**How to complete this task:** The required answer is an exact copy of the lines from the one containing "Let's start with" to the end of the listing, both included, without any pictures.
BEGIN Material provided
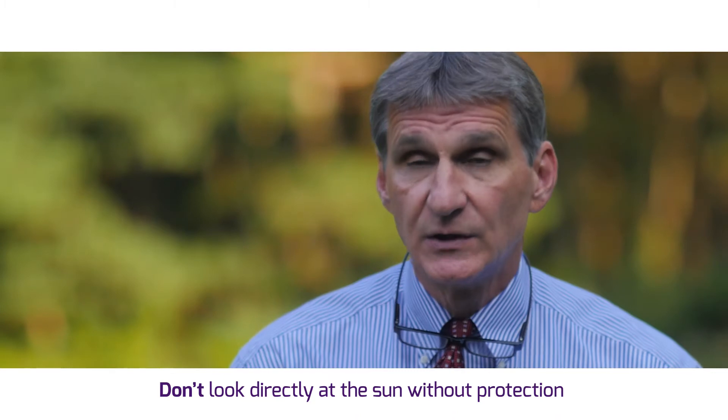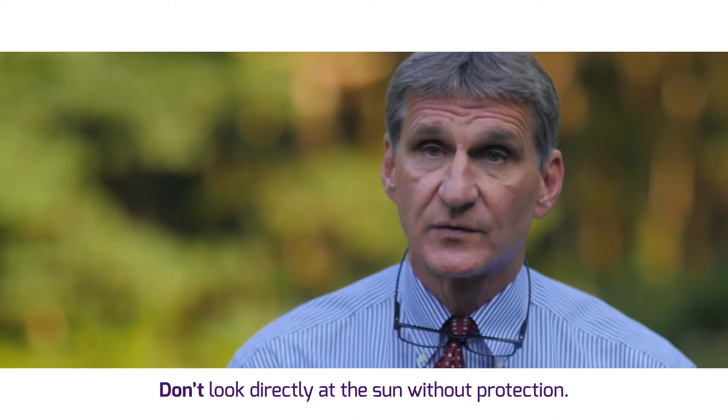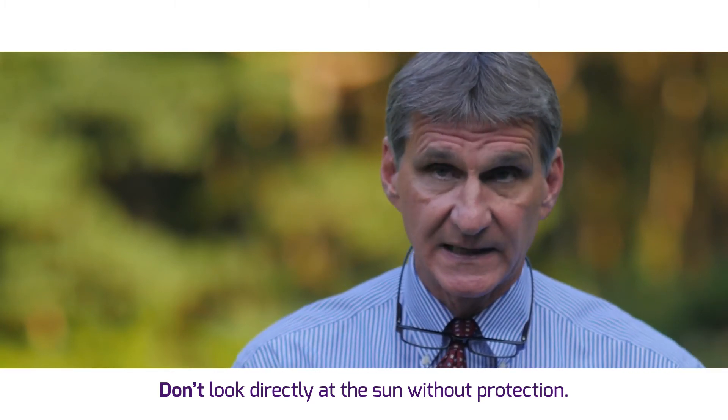The sun can damage your eyes, so do not look at the sun without proper protection. You always look at the partial phases of the eclipse with protective glasses. That's the period of time from first contact to second contact.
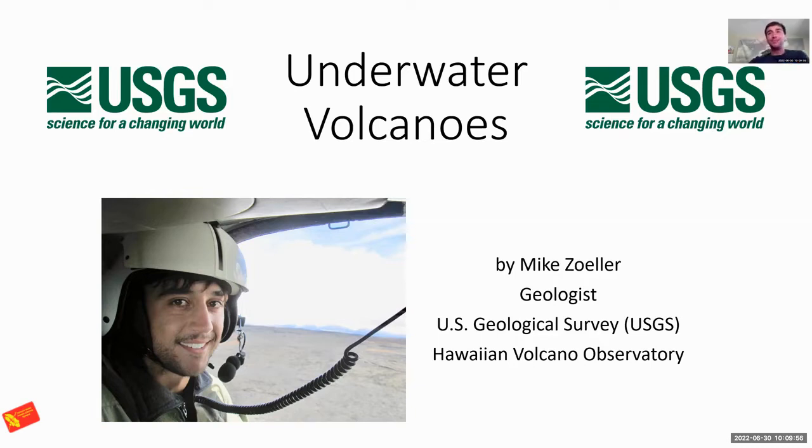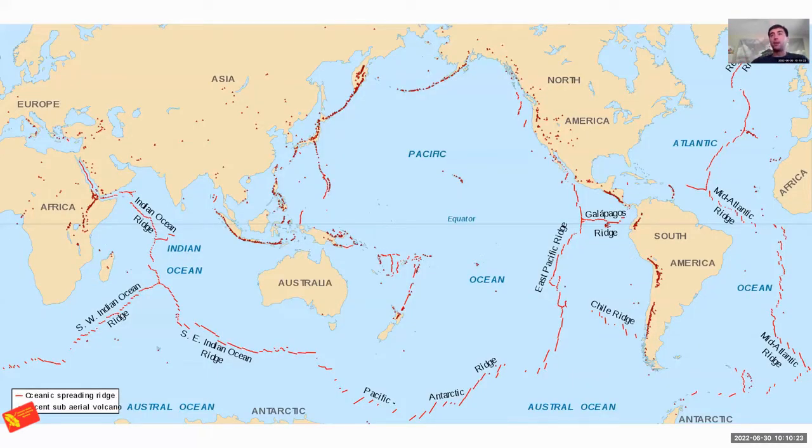My name is Mike Zoller. I'm a geologist at the USGS Hawaiian Volcano Observatory. I study the active volcanoes here in Hawaii, doing research and monitoring to help keep people of this island safe from volcanic activity. Part of my job is studying the interactions between our volcanoes and the ocean. As you can see from the red lines on this map of the world's volcanoes, really most of the volcanoes around the world are underwater, grouping along those divergent plate boundaries.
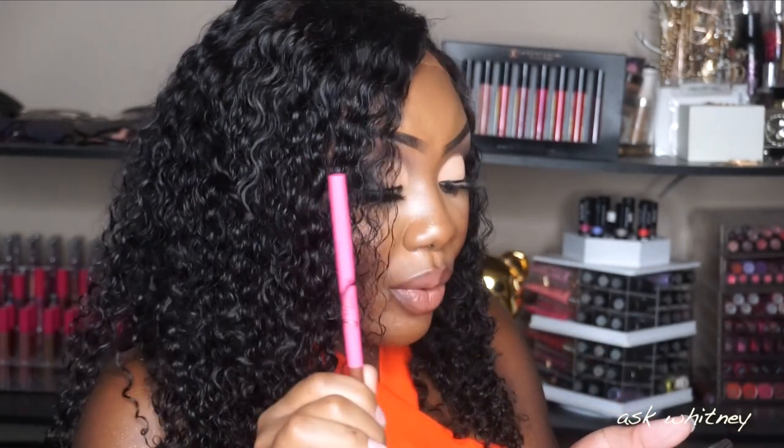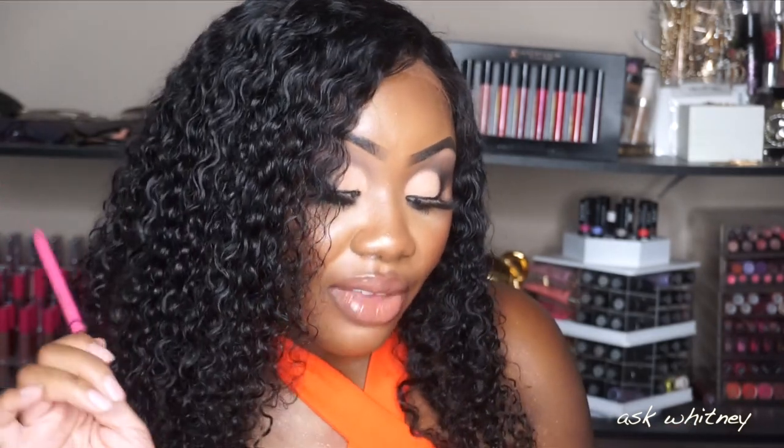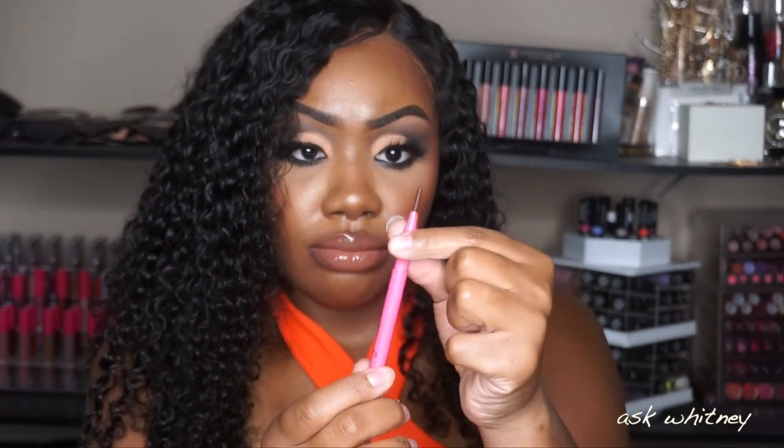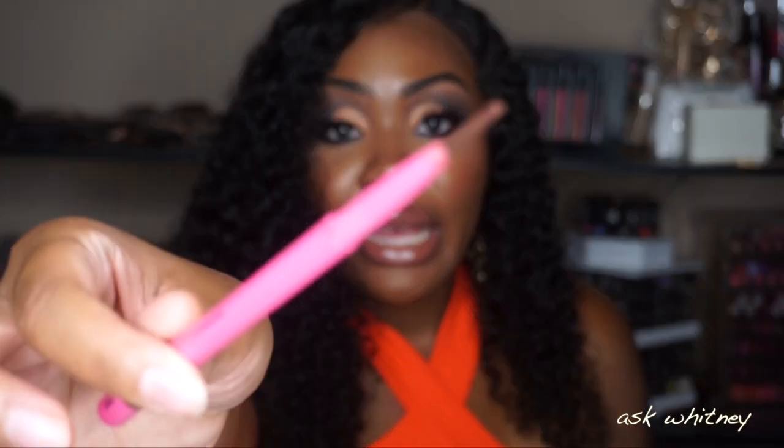Let's start with the lip liner. I love the color and everything but I'm personally not a fan of retractable liners — I would have preferred a pencil you can sharpen. That said, the retractable isn't too bad. Let me show you how much product you're getting here. You get this much product, which isn't too terrible for only ten dollars. If I was paying more I'd be pissed, but that's not bad.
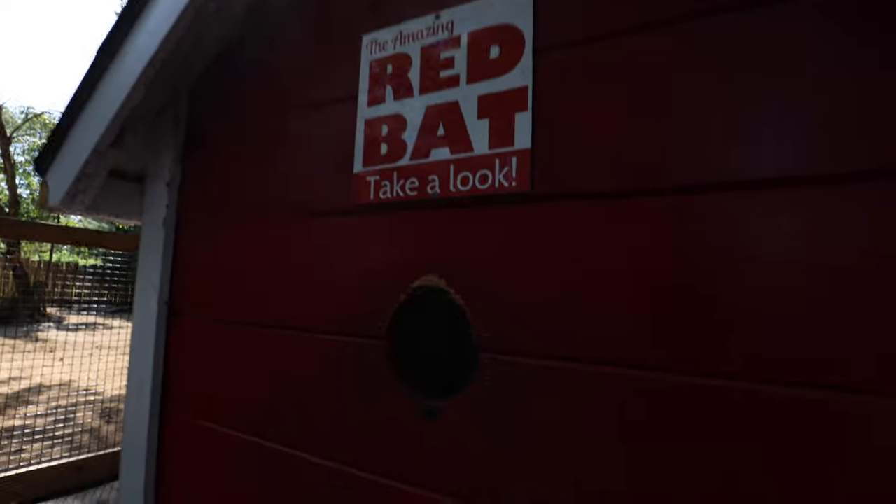I do have one more exhibit that I really want to show you guys — it's their red bat exhibit. Super cool, one of my favorites here. It's in this really cool enclosure. The amazing red bat — if I get you guys close I'm hoping you'll be able to see him. There he is right there. So cool.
END Material provided
**Solution to the problem:**
Let's start with the lip liner. I love the color and everything but I'm personally not a fan of retractable liners — I would have preferred a pencil you can sharpen. That said, the retractable isn't too bad. Let me show you how much product you're getting here. You get this much product, which isn't too terrible for only ten dollars. If I was paying more I'd be pissed, but that's not bad.
I do have one more exhibit that I really want to show you guys — it's their red bat exhibit. Super cool, one of my favorites here. It's in this really cool enclosure. The amazing red bat — if I get you guys close I'm hoping you'll be able to see him. There he is right there. So cool.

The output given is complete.